Por si fuera poco, sopla con fuerza desmedida  el viento solano en estos últimos días. Vuela el mobiliario del jardín, mis ajadas  botas montañeras que se oreaban en un banco colorista. Giran en torbellinos los pétalos  de los albaricoques,      como una caótica  nevada  floral,  para depositarse en la piscina, aunque confío en que ya estén los ovarios en las ramas  fecundados, para poder  saborear el  aroma inigualable de estos frutos de origen oriental, en la primera semana de junio.

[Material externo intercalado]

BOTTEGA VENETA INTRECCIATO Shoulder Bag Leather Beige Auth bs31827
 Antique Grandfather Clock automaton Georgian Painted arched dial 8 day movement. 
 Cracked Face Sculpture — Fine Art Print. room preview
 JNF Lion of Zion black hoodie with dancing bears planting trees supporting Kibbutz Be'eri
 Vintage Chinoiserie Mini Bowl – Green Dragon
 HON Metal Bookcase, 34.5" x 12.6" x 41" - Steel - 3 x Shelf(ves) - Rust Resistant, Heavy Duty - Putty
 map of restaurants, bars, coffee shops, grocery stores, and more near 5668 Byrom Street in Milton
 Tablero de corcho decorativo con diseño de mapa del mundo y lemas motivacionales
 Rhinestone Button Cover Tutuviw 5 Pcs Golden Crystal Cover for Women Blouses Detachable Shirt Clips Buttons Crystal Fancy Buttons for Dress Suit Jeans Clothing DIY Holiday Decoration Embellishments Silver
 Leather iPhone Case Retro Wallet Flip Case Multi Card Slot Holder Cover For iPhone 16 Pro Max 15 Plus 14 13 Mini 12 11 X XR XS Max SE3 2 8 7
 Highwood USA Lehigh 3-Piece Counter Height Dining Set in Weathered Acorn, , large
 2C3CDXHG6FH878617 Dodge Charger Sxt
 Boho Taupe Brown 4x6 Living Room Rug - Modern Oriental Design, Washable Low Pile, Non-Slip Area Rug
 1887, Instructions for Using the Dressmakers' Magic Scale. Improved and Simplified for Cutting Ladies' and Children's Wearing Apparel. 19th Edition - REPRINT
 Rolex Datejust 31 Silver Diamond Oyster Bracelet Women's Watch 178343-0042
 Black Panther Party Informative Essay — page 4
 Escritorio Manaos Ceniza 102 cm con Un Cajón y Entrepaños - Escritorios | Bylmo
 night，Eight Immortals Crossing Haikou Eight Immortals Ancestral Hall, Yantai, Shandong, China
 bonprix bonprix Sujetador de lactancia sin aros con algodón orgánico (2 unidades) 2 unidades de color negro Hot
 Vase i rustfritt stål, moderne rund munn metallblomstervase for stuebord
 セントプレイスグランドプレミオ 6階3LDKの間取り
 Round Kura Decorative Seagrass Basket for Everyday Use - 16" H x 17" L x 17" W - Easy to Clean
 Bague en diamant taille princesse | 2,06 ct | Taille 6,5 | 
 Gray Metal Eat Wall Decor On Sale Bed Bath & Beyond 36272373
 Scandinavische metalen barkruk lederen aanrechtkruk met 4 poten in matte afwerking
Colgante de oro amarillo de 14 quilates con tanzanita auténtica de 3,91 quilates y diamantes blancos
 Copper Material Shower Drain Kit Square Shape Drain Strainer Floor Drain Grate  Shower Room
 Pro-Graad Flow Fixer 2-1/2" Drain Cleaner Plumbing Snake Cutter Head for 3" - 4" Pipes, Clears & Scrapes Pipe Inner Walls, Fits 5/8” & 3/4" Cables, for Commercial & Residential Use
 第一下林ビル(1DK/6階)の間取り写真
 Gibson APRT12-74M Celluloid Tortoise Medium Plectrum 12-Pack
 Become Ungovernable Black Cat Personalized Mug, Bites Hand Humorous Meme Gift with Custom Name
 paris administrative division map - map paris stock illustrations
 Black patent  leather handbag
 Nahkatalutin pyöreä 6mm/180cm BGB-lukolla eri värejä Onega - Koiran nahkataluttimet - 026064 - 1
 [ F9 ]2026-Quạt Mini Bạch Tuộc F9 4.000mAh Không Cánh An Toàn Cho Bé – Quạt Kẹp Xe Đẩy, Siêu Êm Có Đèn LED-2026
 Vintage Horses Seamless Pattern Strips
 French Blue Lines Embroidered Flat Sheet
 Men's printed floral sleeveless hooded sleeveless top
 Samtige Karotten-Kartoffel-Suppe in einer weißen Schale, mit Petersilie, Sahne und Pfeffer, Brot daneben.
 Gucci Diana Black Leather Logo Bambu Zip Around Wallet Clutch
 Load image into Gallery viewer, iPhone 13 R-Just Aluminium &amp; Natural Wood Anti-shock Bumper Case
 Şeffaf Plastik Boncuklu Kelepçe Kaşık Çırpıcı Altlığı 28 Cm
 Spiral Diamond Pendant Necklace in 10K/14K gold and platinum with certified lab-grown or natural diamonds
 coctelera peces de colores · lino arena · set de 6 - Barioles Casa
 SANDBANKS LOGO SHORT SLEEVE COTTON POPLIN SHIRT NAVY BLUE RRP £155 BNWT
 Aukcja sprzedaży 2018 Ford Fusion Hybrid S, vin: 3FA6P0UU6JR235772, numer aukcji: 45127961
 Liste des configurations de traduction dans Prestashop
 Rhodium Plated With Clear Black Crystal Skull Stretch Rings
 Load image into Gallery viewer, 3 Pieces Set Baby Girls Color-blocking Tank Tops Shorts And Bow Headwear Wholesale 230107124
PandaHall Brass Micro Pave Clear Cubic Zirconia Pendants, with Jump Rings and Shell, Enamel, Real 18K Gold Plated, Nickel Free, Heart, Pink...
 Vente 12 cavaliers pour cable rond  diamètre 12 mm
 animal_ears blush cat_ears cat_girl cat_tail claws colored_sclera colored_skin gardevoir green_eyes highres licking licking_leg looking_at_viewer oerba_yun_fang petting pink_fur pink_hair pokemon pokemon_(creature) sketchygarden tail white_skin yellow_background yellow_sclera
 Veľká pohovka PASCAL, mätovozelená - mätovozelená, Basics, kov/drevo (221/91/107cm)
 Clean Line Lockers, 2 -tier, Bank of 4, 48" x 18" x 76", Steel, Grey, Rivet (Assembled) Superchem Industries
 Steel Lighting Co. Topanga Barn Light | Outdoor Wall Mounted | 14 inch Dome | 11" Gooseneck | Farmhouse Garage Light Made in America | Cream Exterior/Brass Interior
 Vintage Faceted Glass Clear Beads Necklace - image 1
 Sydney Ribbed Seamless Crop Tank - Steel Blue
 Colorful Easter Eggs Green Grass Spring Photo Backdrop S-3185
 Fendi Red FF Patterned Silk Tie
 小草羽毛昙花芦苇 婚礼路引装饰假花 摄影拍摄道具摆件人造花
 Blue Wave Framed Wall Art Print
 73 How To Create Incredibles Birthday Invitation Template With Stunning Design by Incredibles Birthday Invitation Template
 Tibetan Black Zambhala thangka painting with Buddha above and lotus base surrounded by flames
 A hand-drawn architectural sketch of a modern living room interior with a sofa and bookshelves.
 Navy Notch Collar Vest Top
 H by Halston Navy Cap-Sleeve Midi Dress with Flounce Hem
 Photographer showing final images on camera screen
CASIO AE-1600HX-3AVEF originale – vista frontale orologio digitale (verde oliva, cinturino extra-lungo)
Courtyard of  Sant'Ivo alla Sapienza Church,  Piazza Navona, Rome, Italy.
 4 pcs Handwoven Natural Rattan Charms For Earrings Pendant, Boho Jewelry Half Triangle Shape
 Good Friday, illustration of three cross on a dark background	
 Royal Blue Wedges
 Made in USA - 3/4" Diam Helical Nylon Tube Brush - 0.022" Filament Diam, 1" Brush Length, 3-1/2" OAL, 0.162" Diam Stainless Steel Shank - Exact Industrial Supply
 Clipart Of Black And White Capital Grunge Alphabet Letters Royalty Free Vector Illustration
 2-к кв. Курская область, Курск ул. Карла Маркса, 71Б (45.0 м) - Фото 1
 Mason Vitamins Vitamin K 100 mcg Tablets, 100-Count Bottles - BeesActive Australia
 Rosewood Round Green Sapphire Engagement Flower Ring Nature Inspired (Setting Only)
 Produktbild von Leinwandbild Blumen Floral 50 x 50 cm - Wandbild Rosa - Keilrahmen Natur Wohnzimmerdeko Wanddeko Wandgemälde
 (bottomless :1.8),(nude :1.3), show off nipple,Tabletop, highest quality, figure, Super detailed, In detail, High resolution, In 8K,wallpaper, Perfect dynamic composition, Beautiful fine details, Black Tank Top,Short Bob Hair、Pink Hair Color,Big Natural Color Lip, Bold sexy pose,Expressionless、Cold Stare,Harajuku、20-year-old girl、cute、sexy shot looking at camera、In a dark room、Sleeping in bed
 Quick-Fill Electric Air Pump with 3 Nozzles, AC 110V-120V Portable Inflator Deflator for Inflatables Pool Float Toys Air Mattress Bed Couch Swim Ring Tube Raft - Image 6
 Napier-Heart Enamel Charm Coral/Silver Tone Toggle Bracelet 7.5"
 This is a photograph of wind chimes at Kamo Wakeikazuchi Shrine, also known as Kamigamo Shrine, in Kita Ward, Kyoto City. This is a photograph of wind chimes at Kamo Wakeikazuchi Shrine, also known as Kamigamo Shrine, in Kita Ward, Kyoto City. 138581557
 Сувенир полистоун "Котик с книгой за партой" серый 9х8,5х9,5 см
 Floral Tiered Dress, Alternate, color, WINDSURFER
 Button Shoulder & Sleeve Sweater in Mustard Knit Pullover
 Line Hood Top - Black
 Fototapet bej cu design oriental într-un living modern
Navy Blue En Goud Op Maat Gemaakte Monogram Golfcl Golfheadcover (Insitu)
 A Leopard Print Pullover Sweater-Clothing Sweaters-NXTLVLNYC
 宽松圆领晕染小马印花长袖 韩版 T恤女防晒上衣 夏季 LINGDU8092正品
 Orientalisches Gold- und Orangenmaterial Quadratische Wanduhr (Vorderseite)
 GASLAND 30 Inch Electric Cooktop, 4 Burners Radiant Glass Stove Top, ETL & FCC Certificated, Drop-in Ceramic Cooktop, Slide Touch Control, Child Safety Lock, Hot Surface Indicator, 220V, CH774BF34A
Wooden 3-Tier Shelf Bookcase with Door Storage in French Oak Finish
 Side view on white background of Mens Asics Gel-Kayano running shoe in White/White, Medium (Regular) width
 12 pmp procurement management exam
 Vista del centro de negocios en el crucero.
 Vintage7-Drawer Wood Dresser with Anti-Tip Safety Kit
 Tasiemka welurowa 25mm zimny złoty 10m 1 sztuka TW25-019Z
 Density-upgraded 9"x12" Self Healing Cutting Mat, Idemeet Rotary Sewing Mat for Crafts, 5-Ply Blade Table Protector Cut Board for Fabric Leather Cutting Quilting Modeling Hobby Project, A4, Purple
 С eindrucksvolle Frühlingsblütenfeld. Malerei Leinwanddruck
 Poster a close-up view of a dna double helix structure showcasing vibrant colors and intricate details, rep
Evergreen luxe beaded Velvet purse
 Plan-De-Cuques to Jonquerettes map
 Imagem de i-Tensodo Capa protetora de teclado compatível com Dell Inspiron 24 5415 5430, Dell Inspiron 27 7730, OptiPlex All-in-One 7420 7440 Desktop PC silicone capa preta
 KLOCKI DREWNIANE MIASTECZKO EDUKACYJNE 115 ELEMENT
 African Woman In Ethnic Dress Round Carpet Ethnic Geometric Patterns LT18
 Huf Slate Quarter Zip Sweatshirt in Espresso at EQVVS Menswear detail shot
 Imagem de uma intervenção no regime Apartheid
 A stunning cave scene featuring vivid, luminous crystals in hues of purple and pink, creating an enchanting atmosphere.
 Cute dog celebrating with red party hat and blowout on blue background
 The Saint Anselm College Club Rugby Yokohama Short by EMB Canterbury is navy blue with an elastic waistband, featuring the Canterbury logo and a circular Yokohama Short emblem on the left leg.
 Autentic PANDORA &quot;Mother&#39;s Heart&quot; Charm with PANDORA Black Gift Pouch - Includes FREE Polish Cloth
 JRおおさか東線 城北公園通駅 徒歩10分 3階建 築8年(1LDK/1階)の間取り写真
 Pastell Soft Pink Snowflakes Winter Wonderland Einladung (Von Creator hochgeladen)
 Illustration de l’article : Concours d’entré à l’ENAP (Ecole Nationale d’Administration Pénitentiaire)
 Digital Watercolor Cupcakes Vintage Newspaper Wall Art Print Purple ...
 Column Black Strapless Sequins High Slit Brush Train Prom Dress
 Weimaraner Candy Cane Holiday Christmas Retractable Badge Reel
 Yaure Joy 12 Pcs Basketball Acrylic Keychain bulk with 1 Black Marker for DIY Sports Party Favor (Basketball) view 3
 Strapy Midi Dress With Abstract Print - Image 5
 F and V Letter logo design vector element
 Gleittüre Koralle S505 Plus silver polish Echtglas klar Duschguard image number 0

La renuencia del cielo a enviarnos la lluvia pone en guardia a nuestros sufridos olivareros que han gozado de tiempos pletóricos. Ahora tuercen el gesto al comprobar  la aridez  del terreno,  y constatan, aterrados,  el  desplome del precio del aceite, ya sea  por la buena cosecha del Mediterráneo sur, quizá por  el ligero frenazo de la exportaciones, o por los caprichos de este mercado que se basa más en intuiciones  y deseos que en una regulación racional  de sus transacciones. La verdad es que da pena andorrear por el campo,  y contemplar el  color desvaído  que ha tomado la hoja del olivo ante la ausencia de ese maná celeste.   Temen los agricultores  que, si cambia el tiempo, llueva con vesania destructiva —podría ser lo  normal después de seca tan prolongada—, lo que sería improductivo,  pues la tierra agostada, y sin tapiz vegetal protector — demasiadas curas  drásticas las que se aplican—, no sabría retener tales torrenteras sin cauce.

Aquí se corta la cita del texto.